さて「変動費」には、どのような経費が含まれるのでしょうか?
商品の仕入高や材料費などが該当します。
売上が上がれば商品の仕入れも増えますからね。
また「固定費」にはどのような経費が含まれるでしょうか?
人件費や地代家賃などが該当します。
売上がなくて給料や家賃の支払いは発生しますので。
損益計算書は法律で作成が義務付けられていますが、変動損益計算書は社内の業績管理に有効な様式として活用されているもです。
だから、変動損益計算書は自社で好きなように作成できます。ルールはありません。
自社の業務の内容から、業績管理に役立つように「変動費」と「固定費」をしっかり把握して作成する必要があります。
変動損益計算書の特徴は?
売上高から変動費を引いたものを「限界利益」といいます。
もう少し簡単に言うと粗利みたいなものなんですが、通常の損益計算書では製造業など業種によっては固定費を含んでいる場合があるので、変動損益計算書では「限界利益」と呼んでいます。
変動費は、売上高の増減に伴って変わるため、売値や仕入れ値が変わらない限り、限界利益率は一定となります。
つまり限界利益は売上高に比例するということです。
例えば、売上高が20%増えれば、変動費、限界利益も20%増加します。
つまり売上高の増減によって限界利益がどれだけ増減するか、すぐにわかるということです。
「商品単価×限界利益率」等の計算で、商品1個当たりの限界利益がすぐに把握することができます。
限界利益を把握することで、商品をいくつ販売すれば、その商品によって限界利益をいくら稼げるかといった数量ベースでの試算が簡単にできます。
「商品1個販売すればいくら儲かる」とか「この値段にすればいくら儲かる」とかいろいろな分析を行って経営に役立てることができます。
これが変動損益計算書の活用方法です。
変動損益計算書を活用して損益分岐点を知りましょう!
損益分岐点とは、収支がトントンになる点(限界利益=固定費)のことで、この時の売上高を「損益分岐点売上高」といいます。
「損益分岐点売上高」は赤字と黒字の分岐点となる売上高のボーダーラインで、損益分岐点売上高を越えれば限界利益がすべて利益として積み重なっていきます。
固定費は基本的には一定なので、固定費を超える部分の限界利益はすべて利益として残るということです。

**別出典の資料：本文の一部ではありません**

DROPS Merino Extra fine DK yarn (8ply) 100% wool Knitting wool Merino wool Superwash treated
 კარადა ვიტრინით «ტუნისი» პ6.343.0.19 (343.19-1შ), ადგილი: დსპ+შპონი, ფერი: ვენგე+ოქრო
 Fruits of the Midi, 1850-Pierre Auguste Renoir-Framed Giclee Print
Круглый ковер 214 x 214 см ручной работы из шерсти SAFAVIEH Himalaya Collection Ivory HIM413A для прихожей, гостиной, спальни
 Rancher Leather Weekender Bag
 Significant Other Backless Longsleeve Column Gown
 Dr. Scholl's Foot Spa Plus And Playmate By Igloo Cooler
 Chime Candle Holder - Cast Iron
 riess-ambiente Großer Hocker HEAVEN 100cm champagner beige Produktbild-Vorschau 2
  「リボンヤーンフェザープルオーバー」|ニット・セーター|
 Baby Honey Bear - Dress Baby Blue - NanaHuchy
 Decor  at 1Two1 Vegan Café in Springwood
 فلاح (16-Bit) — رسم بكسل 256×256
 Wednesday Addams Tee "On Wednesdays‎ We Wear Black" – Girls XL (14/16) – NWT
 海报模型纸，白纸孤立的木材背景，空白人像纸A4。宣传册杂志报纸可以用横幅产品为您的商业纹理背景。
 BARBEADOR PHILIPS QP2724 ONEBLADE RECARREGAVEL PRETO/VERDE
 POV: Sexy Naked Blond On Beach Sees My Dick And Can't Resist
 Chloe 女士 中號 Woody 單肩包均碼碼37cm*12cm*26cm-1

変動損益計算書を使うと、この「損益分岐点売上高」が簡単にわかります。
例えば固定費が600万円で限界利益率が60%の場合には
600万円 ÷ 60% =1,000万円 → 損益分岐点売上高
つまり固定費を限界利益率で割れば、損益分岐点売上高が算出されます。
変動損益計算書は経営者の成績表
変動損益計算書は経営者の成績表と言われるように、会社の経営状態を表しています。
つまり、経営者の意思決定の結果が表れているということです。
また、変動損益計算書を見ることによって、会社に何が起きているのかを読み取ることが容易になります。
三松会計事務所でも変動損益計算書の活用をサポートしています。
変動損益計算書を活用して、経営者の意思決定の結果を確認して、さらなる業績発展の意思決定に役立てていきましょう!